More than a year ago we drafted a one-page project idea about citizen science, virtual observatories, social networks and adaptive governance for the ESPA (Ecosystem Services for Poverty Alleviation) call of the British Research Council. Then followed a number of important steps, including a brainstorming session in a coffee bar in Lima, an exercise in interdisciplinary proposal writing and a joint effort to draft a response to the reviews. Last month, Wouter Buytaert (PI of the proposal at Imperial College), David Hannah (Co-PI at Birmingham) and myself (Co-PI at Wageningen) were invited to defend our proposal in London. A week later we received the good news that the proposal had been recommended for funding by the ESPA board!
The project is meant to start in the fall, and we will be looking for a social science postdoc (3-year, full time, based at Wageningen) in this cross-disciplinary research project. This position will involve working with local researchers in mountain regions in Peru, Ethiopia, Kyrgizstan and Nepal. The title and a summary of the project can be found below.
Adaptive governance of mountain ecosystem services for poverty alleviation enabled by environmental virtual observatories (MOUNTAIN-EVO)

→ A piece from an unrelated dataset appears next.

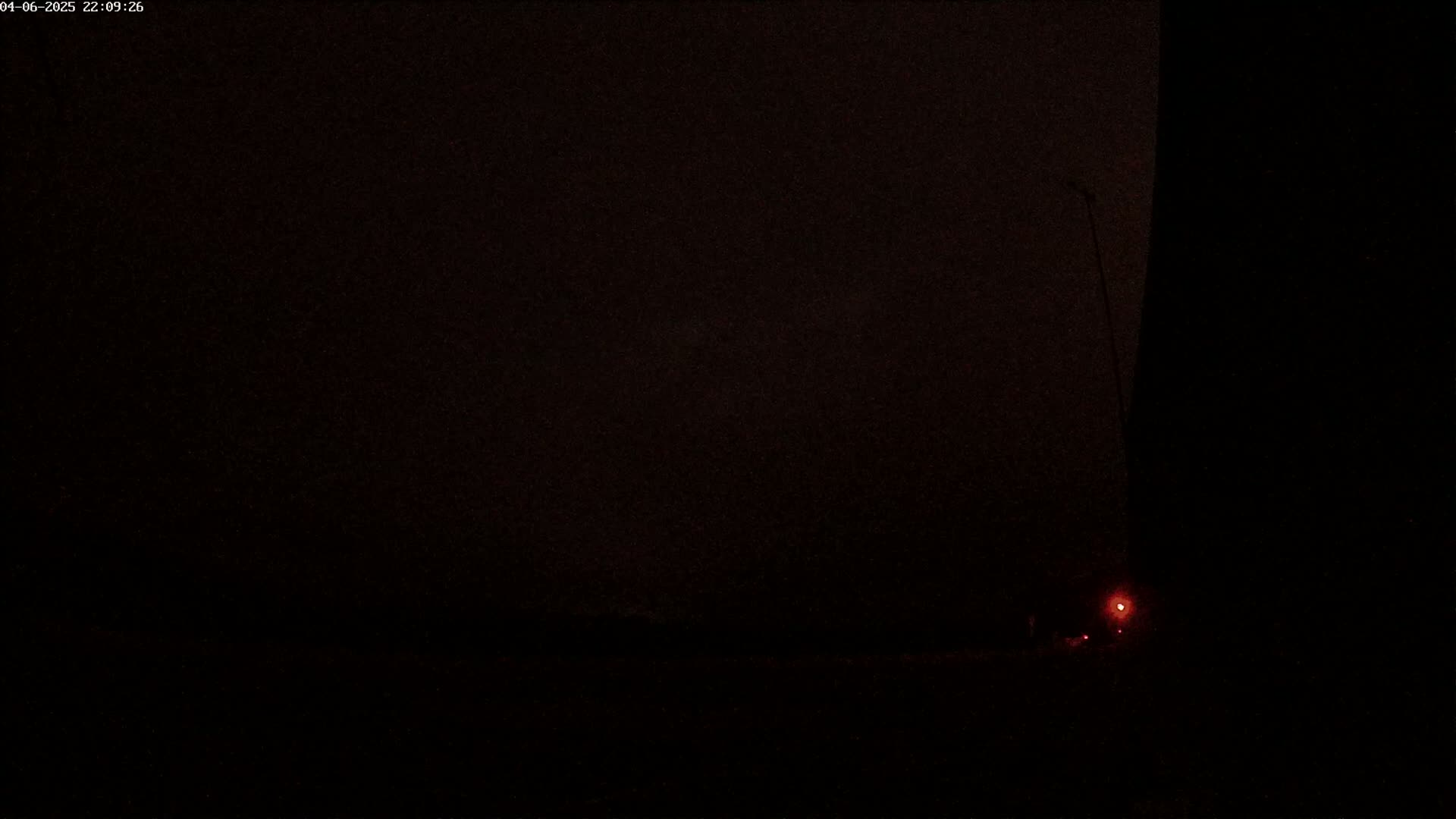 A dark, nighttime scene shows a dimly lit roadway with a single red light visible in the distance.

Ecosystem services (ESS) management can alleviate poverty if it is embedded in local processes of adaptive governance that rely on continuous monitoring and knowledge co-generation. This is especially the case in remote mountain regions, where poverty is often interlocked with multiple ecosystem threats, data scarcity, and high uncertainties. In these environments, it is paramount to generate locally relevant knowledge about multiple ESS and how they impact local livelihoods. This is often problematic. Existing environmental data collection tends to be geographically biased towards more densely populated regions, and prioritised towards strategic economic activities that bypass the poor. Data may also be locked behind institutional and technological barriers and monopolised by the better educated or politically connected. These issues create a “knowledge trap” for data-poor regions, which is especially acute in remote and hard-to-reach mountain regions. This project will blend cutting-edge concepts of adaptive governance with technological breakthroughs in citizen science and knowledge co-generation to break this vicious circle.

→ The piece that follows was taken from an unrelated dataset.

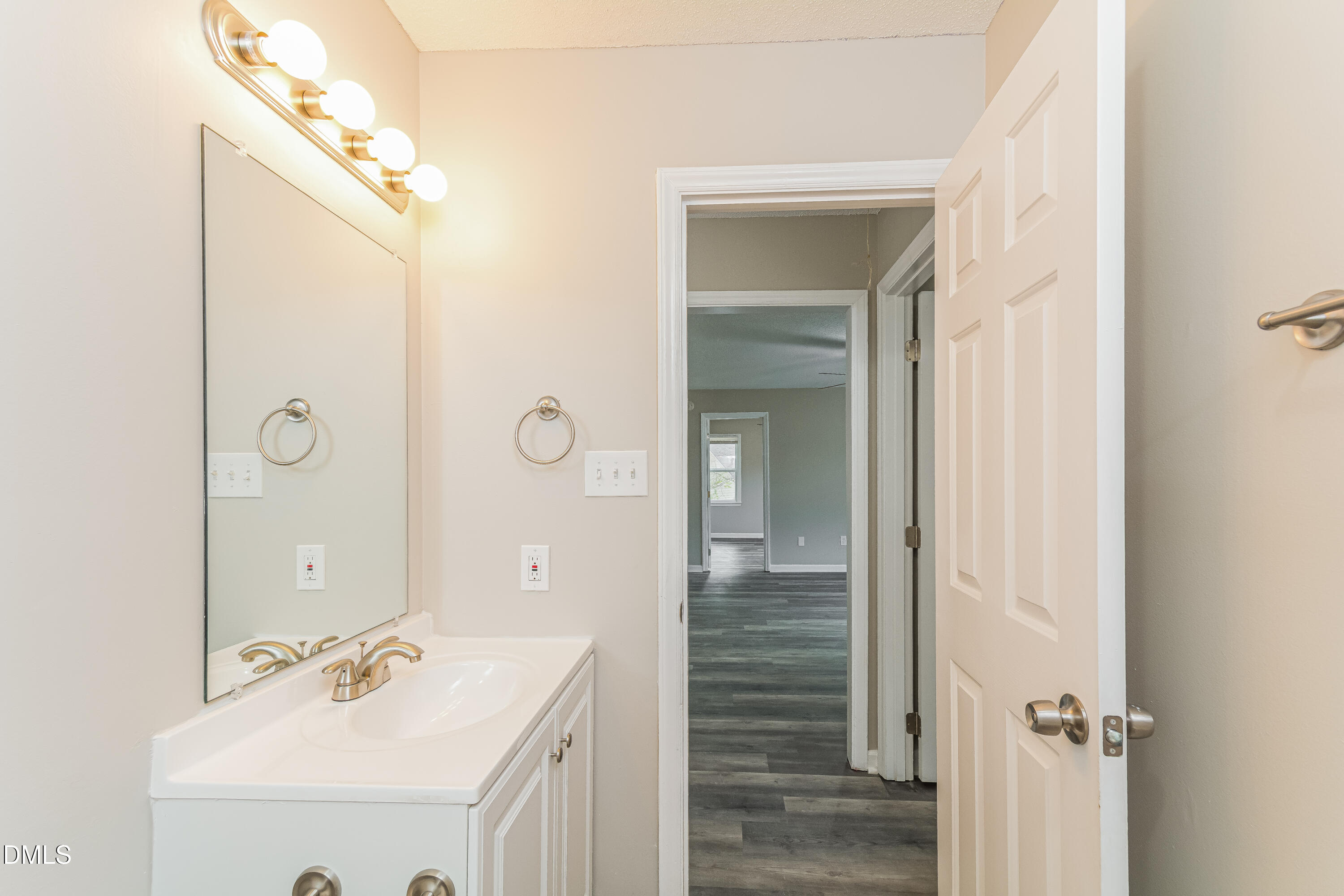 617 Bartlett Road Fuquay-Varina, NC 27526 - Photo 14 of 16 a bathroom with a sink a mirror and shower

Our central research question is how recent conceptual and technological innovations in environmental sensing, data processing, interactive visualisation and participatory knowledge generation can be leveraged to implement demand-driven, interactive and multidirectional approaches to knowledge generation about ESS. Our approach to this question is built around the notion of Environmental Virtual Observatories: decentralised and open technology platforms for knowledge generation and exchange that enable participation of marginalised and vulnerable communities bypassed by the traditional mechanisms.

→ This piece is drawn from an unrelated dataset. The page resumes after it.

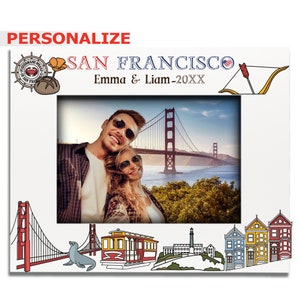 May include: Personalized photo frame with a white background and a picture of a couple in front of the Golden Gate Bridge. The frame has a red, white, and blue American flag, a red cable car, a sea lion, and a lighthouse. The text "SAN FRANCISCO" is at the top of the frame, and the text "Emma & Liam-20XX" is below it.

Our case studies are 4 remote and poor mountain regions characterised by acute degradation of ESS, in particular water supply, soil fertility, and land cover. We will implement a process of participatory data collection and processing on these ESS and their trade-offs, embedded in the local NGO and educational setting. Mechanisms of continuous evaluation and improvements will be set up, and tested for usefulness, robustness and impact on human wellbeing. Our goal is not to develop specific solutions to specific problems. Rather, we will leverage the cross-disciplinary nature of our consortium to create a flexible and adaptive set of tools, methods and concepts to promote resilient ESS for poverty alleviation.